On paper Popoviciu seems like the perfect businessman, dealing in everything from computer parts to pizza to real estate, but in reality, like may of Romania’s “Cardboard Billionaires” his main assets are his connections, especially the political ones. Popoviciu has long maintained very friendly relations with decision-makers, both at the central but especially at the local level. He was very close to several politicians, including Traian Băsescu, the charismatic mayor of Bucharest turned two-term president of Romania. Indeed, it was Băsescu who signed off on the transfer of some of the best real estate in Bucharest for less that 1$ per square meter from a state institution to one of Popoviciu’s many companies. At the time, experts estimated the damage this deal caused to the Romanian state at over €1 billion.

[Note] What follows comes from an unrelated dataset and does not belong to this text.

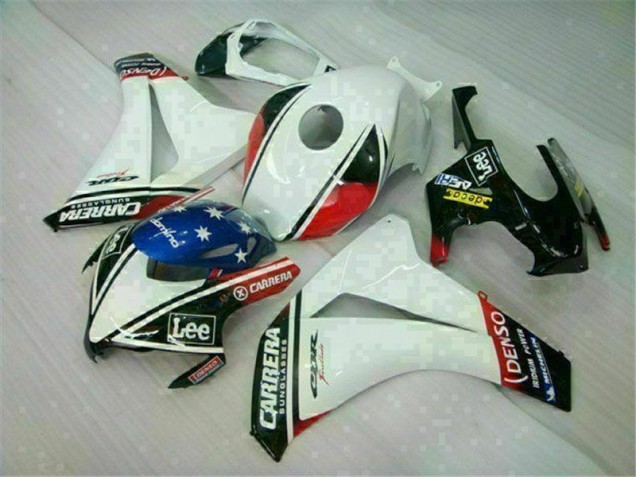 2008-2011 White Honda CBR1000RR Motorcycle Fairings & Plastics UK Stores 2008-2011 White Honda CBR1000RR Motorcycle Fairings & Plastics UK Stores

Băsescu’s successor to Bucharest city hall was on equally friendly terms with Puiu Popoviciu. Adriean Videanu — businessman, politician and Mayor of Romania’s capital signed off on further development plans on Popoviciu’s newly acquired real estate. Once mayor Videanu had given the green light, the real estate, now connected to the city’s utilities (power, water and sewage grids) blossomed almost overnight into a new luxury development where, who other than then President Băsescu’s youngest daughter MEP Elena Băsescu was one of the first to move in. The US embassy, looking for land to build a more secure facility, was a close second. Faced with such prestigious clients, Popoviciu was more than happy to provide the land at a considerable markup.

Unfortunately the land itself had been bought illegally through a shell company and re-purposed from its initial role as experimental farmland belonging to the University of Agronomy Studies (USAMV). Far from abandoned, as Puiu claimed while repurposing it, it was still in use by agriculture students at the time of sale. But since USAMV was relegated to the role of minority shareholder over its own lands, once friendly city hall mayors agreed to Puiu’s plans, there was no stopping the massive real estate projects that followed.

Needless to say, the land deal that made Popoviciu one of Romania’s wealthiest men took place under shady circumstances. Equally needless to say that, upon investigation by Romania’s National Anticorruption Directorate, the so-called “Băneasa” affair found a loss of €600 million in to the state. Puiu was convicted to 9 years in prison, a sentence that was then reduced to 7 in the final judgment issued by the court on August 2nd — a devastating blow for a man who had always benefitted from having friends in high places. But much like one errant billionaire — Sebastian Ghita — Puiu was nowhere to be found after the judge’s gavel fell. Turns out, the businessmen fled the country in June and the Romanian authorities have issued a European Arrest Warrant to his name. Some have speculated that he is in the United States, where his long-time mistress, Dorothy Constantin, has just given birth to the couple’s baby girl.

But there are other possibilities as well. Puiu had been known for spending lavish summers with other Romanian millionaires on the white sandy beaches of Monaco. The so-called Monaco Group included Popoviciu and Videanu but also the late Dan Adamescu, former Prime Minister Călin Popescu Tăriceanu and other rich Romanians with state connections. Tăriceanu is another one of Popoviciu’s long-time tenants and another rumoured to have greatly benefitted from the appropriation of state property by Popoviciu. Popoviciu is also a long time friend, in-law and business partner of Nicolae Badea, another controversial businessman known for shady dealings with the state revolving around real estate, political connections and (family) ties to former communist dignitary Dincă. Badea was for a long time involved in the Romanian football scene, another favourite pastime of Romanian businessmen, as the chairman of the board for Dinamo Bucharest.

It is almost funny how stereotypical of a Romanian businessman the career of Puiu Popoviciu seems to be. Popoviciu seems a TV sitcom away from becoming the embodiment of Romanian crony capitalism. But make no mistake — 600 million euros in losses suffered by the Romanian state should to take the fun out of any situation.